Teddy--I'm an SJ and school wasn't that great from my perspective. Math was particularly miserable. There was no hands on, it was rote work, and relevancy was not established.
Don't get me wrong, math is needed and we all must learn it, but the way we teach it--no wonder the boys are checking out.
I think we ought to tie math and other subjects to actual real life examples of where these skills are used. If you are teaching fractions, use the stock market, or if you are teaching trig, use a DSO--there are a bazillion applications--math is in everything and nothing exists without math.
I didn't mean to imply that all SJ's love school, and my guess is most of them don't. But they're much more equipped to survive it and find enjoyment in it than the other temperaments...or at least I get that impression from a number of people I talk to.
About the whole relevance issue, you're right, but at the same time, the issue is much deeper than that.
Concerning math education, this is a fantastic essay, one of the best I've ever read, though it's pretty long:
http://www.maa.org/devlin/LockhartsLament.pdf
Anyway, you're right that there's not enough relevance, but that's because of the way college is. At least in my state, all math classes beyond Algebra 1 have curriculum's set up for basically the sole purpose of "getting students ready" for college level math, which is basically all abstract and theory based.
Increased relevance would certainly help the situation a lot, but it's not like it's a magic solution that makes everyone love math.

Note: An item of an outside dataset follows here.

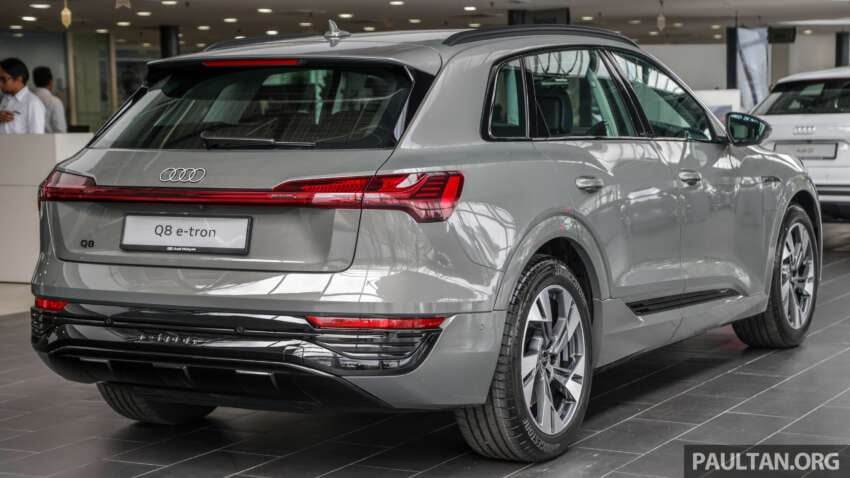 Audi Q8 e tron giá 1,9 tỷ tại Malaysia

Students have all kinds of interests, and they often don't care about how something is useful in life unless it's immediately relatable to their own lives. This is the problem with teaching everything to everyone...you can't expect everyone to take an interest in the same things.
Don't get me wrong, like I said, it helps a lot to have a subject more interesting and applicable. When I taught Discrete Math a few years ago, students would tell me all of the time it was the best math they had ever taken, that it was interesting, and that they could always see it's purpose. I wasn't shackled with a standardized test, I didn't have to worry as much about "getting students ready for the next math", and I had enough time to do things that kids enjoyed more and saw the purpose in. Of course, like I said, this didn't make the whole thing easy and wonderful, because like I said, there's no one-size-fits-all. But it certainly was much better.

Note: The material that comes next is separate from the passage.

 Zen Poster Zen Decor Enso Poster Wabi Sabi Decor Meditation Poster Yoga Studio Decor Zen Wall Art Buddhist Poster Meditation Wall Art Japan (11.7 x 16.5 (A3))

And that's part of the problem with math in itself...it builds on itself so much, and teachers switch every year. In elementary schools kids are trained not to think, not to be creative, just to do rote memory drill work. Even then, a number of them don't even have the basics. By the time they get to high school, it's hard enough just to get them to understand the simple work itself, much less how it's applied....that takes actual thinking and mental work, and so many kids these days are lacking those abilities because they never do them until they get to high school, if then.
niss63 said:
Yeah, this whole boy thing is a hot button of mine. Sorry to rant--I just feel the system is backwards. Instead of making the child fit into an unnatural education system, what is wrong with making the education system work for the child? Too many boys are given drugs because we are too lazy/preoccupied/whatever to meet their needs.
Basically, the problem is that no one cares about education. Most people probably put school behind them once they graduate and only care about it or revisit it when they have kids of their own. Even then, most people only care about their own kids, not all of the other kids in school or education in general. And politicians don't care about education either.
There are all kinds of policies put in place to make politicians and education systems look good in the public eye, and these policies do nothing to help students actually learn.
To really have an education system focused on that, it would take a lot more money, a lot better training of teachers, and a set up that starts in elementary school and goes through the university system. So call me a cynic, but I never see that happening.
Didn't mean to derail the thread, but like niss said, this is a subject I feel kind of strongly about as well.